The case finally came on for trial on February 20, 1929, as against defendant Russell. Prior to that date defendant Russell had filed a motion to set aside the judgment entered on October 29, 1928, which motion was by the court overruled on February 20, 1929. Following this the case came on for trial on that date. Counsel for defendant Russell was asked in open court whether or not the defendant Russell was present, and he stated, “He is not here to-day.” Thereupon plaintiff, through his counsel, requested the court to pass upon plaintiff’s motion to strike the answer of Russell from the files and motion for judgment before proceeding *16further with the trial of the cause. This the court did, -and made a finding that defendant Russell, being a nonresident of the state of Kansas, and without the jurisdiction of the trial court,_ and after having been twice duly served with notice of the taking of depositions, upon two separate occasions, as provided by the code of civil procedure for the taking of depositions, voluntarily appeared, but that on each occasion he refused to testify in answer to pertinent and material questions and refused to produce books and records demanded by the plaintiff. The court then made an order striking the answer of the defendant Russell from the files and entered judgment in favor of plaintiff, decreeing that plaintiff recover from defendant Russell the possession of the forty shares of the preferred stock in controversy. It set forth the numbers of the certificates and the number of shares represented by each, and further decreed that in the event defendant Russell should fail or refuse to deliver possession of the certificates, that then the United Power and Light Corporation should cancel the certificates described in the decree and issue new certificates to the plaintiff in lieu thereof for the forty shares and deliver them to plaintiff.

Among other things, defendant Russell urges that R. S. 60-2821, under which the court proceeded, is unconstitutional; that it is inconsistent with the constitution of the state of Kansas and the constitution of the United States. He wants to know, “What has become of this appellant’s federal and state constitutional rights in the kingdom of Shawnee county, Kansas?” He calls our attention to part of section 2 of the bill of rights of the Kansas constitution which reads:

“No special privileges or immunities shall ever be granted by the legislature, which may not be altered, revoked or repealed by the same body; and this power shall be exercised by no other tribunal or agency.”

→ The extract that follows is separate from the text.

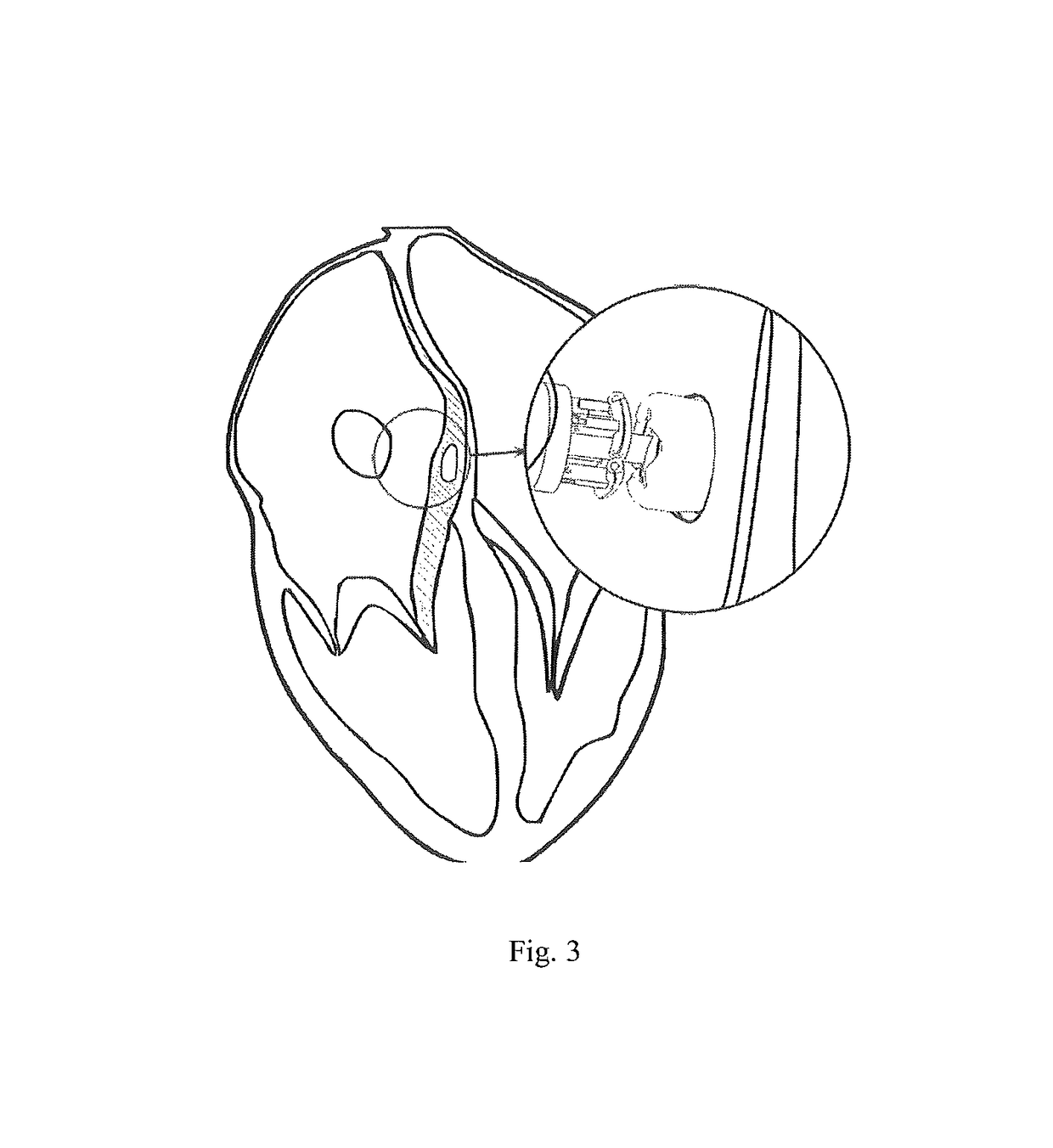 Device for percutaneous transcathertral closure of atrial septal defect by deploying pericardial patch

Section 18 of the bill of rights reads:

“All persons, for injuries suffered in person, reputation or property, shall have remedy by due course of law, and justice administered without delay.”

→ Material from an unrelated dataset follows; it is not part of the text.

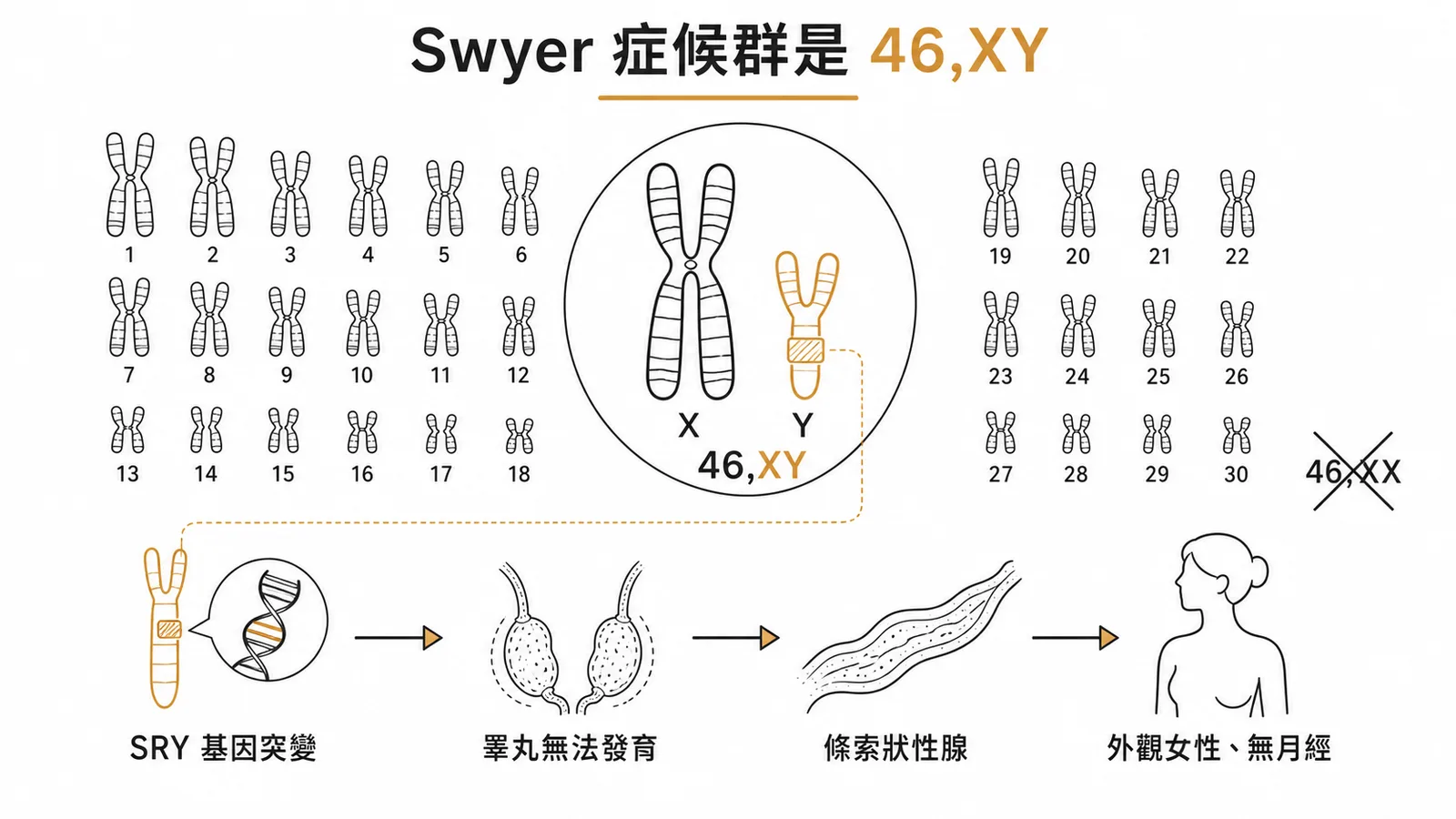 Swyer syndrome 染色體為 46,XY 而非 46,XX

The appellant also calls attention to the “due process” clause in the fourteenth amendment to the constitution of the United States.

We have considered these constitutional questions urged in connection with the claim of appellant and find that 'the statute in question is not repugnant to the provisions mentioned. The legislature in its wisdom has seen fit to adopt R. S. 60-2821 as a means of facilitating litigation and as a proper step toward administering *17“justice without delay.” The section in question does not deprive the defendant of his right to have “due process of law.” He is entitled to his day in court if he will abide by the code of procedure which our legislature has adopted for the guidance of our courts. This statute does not deprive him of his property without giving him an opportunity to come into court and be heard. It does impose upon him a penalty for refusal to comply with the provisions of the statute. The appellant had his own free choice in the matter. He could either comply with the statute or not as he saw fit. He elected not to comply, and the trial court, chose to proceed in an orderly manner and entered judgment in accordance with the provisions of the statute.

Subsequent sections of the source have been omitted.